No es menos verdad que desde que se inició la crisis de la monarquía se tuvo la intuición por los anarquistas de que ciertas posturas republicanas de última hora no tenían quizá otro móvil que salvar desesperadamente de la quema que era la República los mismos privilegios, las mismas iniquidades que había venido encarnando el régimen monárquico. Había que procurar a todo trance que la República diese a estas iniquidades seculares una segunda virginidad. Al afirmar esto, la prensa anarcosindicalista apuntaba, entre otros, a Miguel Maura y a Alcalá  Zamora.

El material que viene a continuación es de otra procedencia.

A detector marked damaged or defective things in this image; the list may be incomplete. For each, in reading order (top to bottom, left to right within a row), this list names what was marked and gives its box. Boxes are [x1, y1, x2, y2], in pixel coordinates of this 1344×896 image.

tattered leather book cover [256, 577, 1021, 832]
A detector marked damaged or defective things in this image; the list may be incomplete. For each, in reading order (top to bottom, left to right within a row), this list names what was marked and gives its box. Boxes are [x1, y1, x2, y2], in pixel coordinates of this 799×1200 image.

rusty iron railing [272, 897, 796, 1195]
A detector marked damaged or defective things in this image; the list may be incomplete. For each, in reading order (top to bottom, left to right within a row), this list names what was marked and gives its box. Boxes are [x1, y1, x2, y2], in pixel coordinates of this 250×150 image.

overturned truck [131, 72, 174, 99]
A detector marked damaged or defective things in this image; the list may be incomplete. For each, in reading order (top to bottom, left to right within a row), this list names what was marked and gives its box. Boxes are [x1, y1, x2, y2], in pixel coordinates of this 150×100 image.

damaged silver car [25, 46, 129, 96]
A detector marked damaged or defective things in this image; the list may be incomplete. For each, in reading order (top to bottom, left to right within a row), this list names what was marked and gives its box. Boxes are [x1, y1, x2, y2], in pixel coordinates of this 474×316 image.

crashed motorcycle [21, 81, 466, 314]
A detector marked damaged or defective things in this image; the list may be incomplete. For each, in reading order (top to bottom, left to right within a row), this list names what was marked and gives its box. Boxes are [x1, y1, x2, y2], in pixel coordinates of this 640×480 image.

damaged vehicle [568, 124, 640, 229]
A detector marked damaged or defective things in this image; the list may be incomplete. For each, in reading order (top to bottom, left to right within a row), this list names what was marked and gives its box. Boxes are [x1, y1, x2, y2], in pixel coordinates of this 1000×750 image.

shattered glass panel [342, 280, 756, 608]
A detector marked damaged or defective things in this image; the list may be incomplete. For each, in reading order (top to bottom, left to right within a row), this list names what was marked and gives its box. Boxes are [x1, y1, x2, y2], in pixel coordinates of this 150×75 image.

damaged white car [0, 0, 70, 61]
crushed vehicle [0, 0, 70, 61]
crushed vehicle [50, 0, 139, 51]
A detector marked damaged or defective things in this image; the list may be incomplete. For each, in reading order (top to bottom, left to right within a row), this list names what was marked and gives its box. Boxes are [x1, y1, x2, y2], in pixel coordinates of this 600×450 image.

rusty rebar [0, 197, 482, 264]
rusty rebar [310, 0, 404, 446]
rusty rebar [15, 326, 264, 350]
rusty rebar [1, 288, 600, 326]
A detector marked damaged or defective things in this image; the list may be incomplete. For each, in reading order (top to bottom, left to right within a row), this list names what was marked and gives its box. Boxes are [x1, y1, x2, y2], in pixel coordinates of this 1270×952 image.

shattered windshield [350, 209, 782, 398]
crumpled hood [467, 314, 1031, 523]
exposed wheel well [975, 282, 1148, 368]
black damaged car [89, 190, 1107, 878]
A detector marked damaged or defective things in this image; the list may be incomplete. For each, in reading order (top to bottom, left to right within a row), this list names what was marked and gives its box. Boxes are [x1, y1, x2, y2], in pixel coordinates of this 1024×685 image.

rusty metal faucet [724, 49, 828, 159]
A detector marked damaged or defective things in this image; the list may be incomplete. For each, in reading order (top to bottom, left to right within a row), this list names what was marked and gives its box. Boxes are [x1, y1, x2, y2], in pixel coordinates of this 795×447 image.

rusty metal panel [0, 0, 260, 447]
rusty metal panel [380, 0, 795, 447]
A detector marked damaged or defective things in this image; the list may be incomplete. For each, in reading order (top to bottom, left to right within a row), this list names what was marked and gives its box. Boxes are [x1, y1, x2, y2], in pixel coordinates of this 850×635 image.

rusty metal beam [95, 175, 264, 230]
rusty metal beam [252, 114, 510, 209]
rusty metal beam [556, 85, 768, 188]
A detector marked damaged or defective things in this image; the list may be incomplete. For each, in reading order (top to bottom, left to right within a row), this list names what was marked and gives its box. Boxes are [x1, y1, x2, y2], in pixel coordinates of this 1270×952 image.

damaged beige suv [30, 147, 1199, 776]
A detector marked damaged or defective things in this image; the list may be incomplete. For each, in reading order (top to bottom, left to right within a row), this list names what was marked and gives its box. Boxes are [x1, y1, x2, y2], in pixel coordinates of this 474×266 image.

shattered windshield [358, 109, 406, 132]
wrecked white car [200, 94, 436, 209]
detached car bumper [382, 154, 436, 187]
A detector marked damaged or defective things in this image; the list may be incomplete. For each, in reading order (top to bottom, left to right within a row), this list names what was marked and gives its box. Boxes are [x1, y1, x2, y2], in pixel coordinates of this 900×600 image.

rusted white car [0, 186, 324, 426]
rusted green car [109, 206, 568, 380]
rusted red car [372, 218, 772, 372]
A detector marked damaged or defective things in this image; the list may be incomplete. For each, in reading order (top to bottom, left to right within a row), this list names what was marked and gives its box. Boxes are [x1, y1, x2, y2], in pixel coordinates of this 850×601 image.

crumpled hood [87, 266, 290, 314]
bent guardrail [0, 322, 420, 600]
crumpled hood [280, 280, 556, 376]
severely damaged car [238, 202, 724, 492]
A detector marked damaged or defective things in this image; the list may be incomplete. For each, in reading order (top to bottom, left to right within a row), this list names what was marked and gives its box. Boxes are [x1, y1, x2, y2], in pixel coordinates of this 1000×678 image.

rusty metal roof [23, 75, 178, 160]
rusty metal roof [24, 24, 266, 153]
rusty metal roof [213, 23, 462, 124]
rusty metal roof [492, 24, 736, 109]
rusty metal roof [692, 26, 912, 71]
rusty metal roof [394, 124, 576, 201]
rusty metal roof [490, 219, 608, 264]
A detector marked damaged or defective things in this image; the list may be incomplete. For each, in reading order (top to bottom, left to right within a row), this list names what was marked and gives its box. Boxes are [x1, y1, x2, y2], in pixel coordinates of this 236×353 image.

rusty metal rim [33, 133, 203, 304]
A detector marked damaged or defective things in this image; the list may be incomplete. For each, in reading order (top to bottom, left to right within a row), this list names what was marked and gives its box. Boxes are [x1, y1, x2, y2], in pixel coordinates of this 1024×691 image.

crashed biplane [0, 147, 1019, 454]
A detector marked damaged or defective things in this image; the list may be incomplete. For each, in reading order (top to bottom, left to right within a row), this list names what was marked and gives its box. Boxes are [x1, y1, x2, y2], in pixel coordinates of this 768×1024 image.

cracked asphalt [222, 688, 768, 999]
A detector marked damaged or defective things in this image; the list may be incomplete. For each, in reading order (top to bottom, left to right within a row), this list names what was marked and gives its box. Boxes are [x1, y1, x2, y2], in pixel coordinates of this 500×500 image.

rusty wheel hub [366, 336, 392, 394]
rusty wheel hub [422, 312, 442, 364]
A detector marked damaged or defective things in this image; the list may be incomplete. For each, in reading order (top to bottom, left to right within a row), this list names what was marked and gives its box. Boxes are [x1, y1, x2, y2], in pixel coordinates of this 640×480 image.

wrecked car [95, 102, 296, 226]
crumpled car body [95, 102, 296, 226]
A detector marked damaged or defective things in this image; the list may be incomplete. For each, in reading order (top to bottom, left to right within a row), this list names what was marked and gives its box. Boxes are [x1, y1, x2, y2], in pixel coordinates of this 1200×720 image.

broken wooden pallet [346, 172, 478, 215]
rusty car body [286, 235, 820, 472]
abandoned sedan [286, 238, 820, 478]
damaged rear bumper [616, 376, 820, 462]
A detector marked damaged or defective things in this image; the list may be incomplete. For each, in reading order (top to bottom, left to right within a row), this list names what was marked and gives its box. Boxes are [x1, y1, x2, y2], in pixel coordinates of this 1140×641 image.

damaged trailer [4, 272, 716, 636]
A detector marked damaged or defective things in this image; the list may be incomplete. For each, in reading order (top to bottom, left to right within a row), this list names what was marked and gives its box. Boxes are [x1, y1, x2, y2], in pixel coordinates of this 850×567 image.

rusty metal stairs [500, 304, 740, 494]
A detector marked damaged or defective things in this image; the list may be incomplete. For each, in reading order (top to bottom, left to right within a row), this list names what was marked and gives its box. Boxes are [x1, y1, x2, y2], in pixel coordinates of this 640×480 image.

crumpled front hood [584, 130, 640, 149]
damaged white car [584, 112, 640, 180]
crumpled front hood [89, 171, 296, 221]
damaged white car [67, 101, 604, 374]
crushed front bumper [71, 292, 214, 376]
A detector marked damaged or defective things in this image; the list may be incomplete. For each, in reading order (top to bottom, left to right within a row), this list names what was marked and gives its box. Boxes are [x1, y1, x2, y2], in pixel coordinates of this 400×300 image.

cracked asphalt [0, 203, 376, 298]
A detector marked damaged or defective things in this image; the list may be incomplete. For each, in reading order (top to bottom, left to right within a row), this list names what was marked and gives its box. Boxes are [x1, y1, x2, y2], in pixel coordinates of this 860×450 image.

El primero de éstos ha confesado que al proclamarse republicano se había planteado la situación en los siguientes términos:

«El problema que se nos planteaba era el siguiente: La monarquía se había suicidado y, por lo tanto, o nos incorporábamos a la revolución naciente, para defender dentro de ella los principios conservadores legítimos, o dejábamos el campo libre, en peligrosísima exclusiva, a las izquierdas y a las organizaciones obreras 11

11 Id., íd., p.48.

Por su parte, Alcalá Zamora, en el discurso en que colgó los hábitos de monárquico, también era categórico:

«Una República viable, gubernamental, conservadora, con el desplazamiento consiguiente hacia ella de las fuerzas gubernamentales de la mesocracia y la intelectualidad española, la sirvo, la gobierno, la propongo y la defiendo. Una República convulsiva, epiléptica, llena de entusiasmo, de idealidad, mas falta de razón, no asumo la responsabilidad de un Kerenski para implantarla en mi patria.»

Los anarquistas, que aspiraban indudablemente a algo más que una República conservadora y «civilera» de todas clases, no tardaron en pasar de la guerrilla que eran las huelgas al ciclo de las insurrecciones.